Provided records:
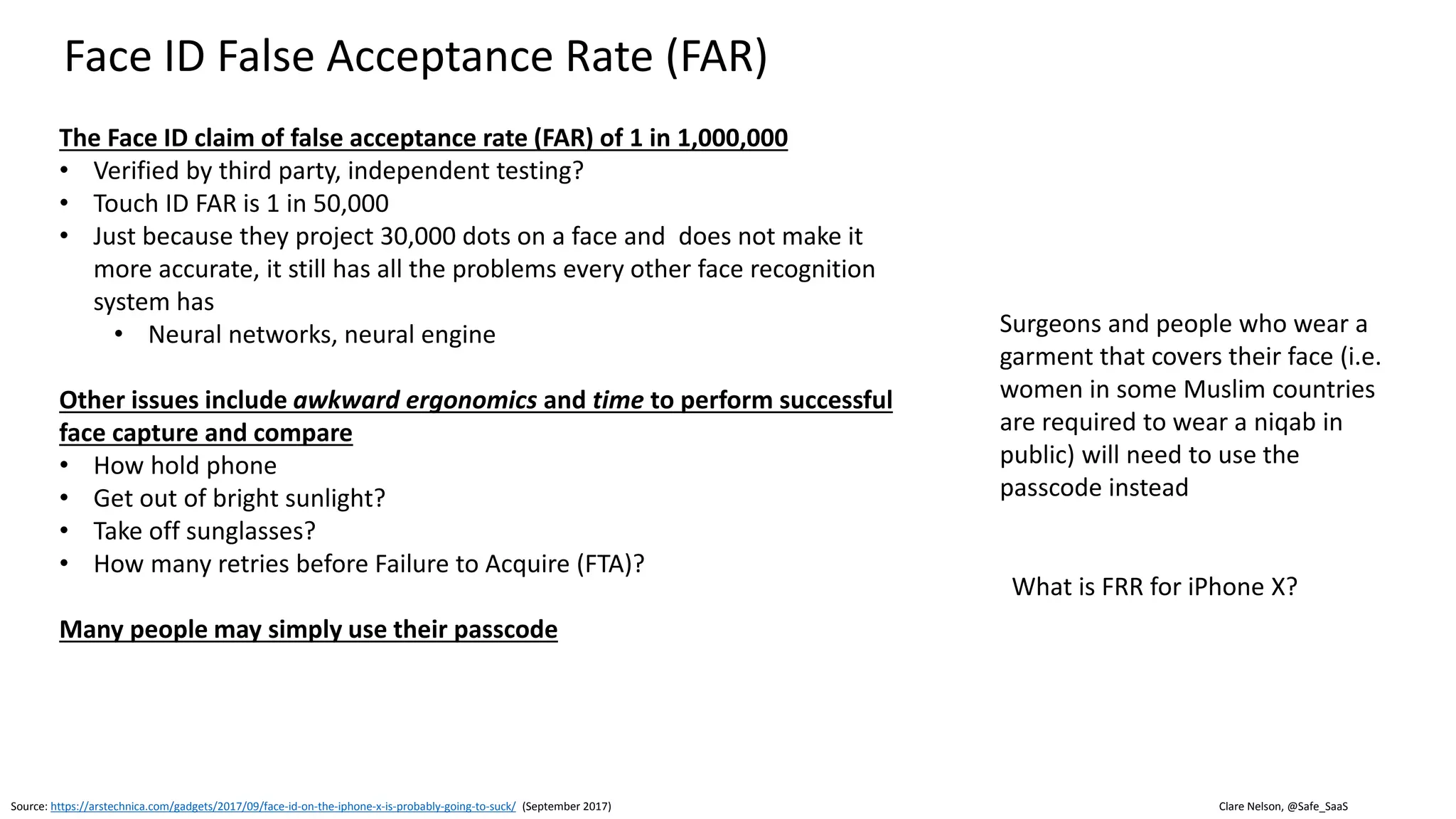 Minnesota Senator Raises Concerns over iPhone X, Face ID
Published letter:
https://www.franken.senate.gov/?p=press_release&id=37
59
Security and Privacy concerns with iPhone X, Face ID
Source: http://money.cnn.com/2017/09/14/technology/al-franken-iphone-x-face-id/index.html (September 2017)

Exercise aim: The expected answer holds each line from the listing above where the string "franken" is present.

Output of the exercise:
https://www.franken.senate.gov/?p=press_release&id=37
Source: http://money.cnn.com/2017/09/14/technology/al-franken-iphone-x-face-id/index.html (September 2017)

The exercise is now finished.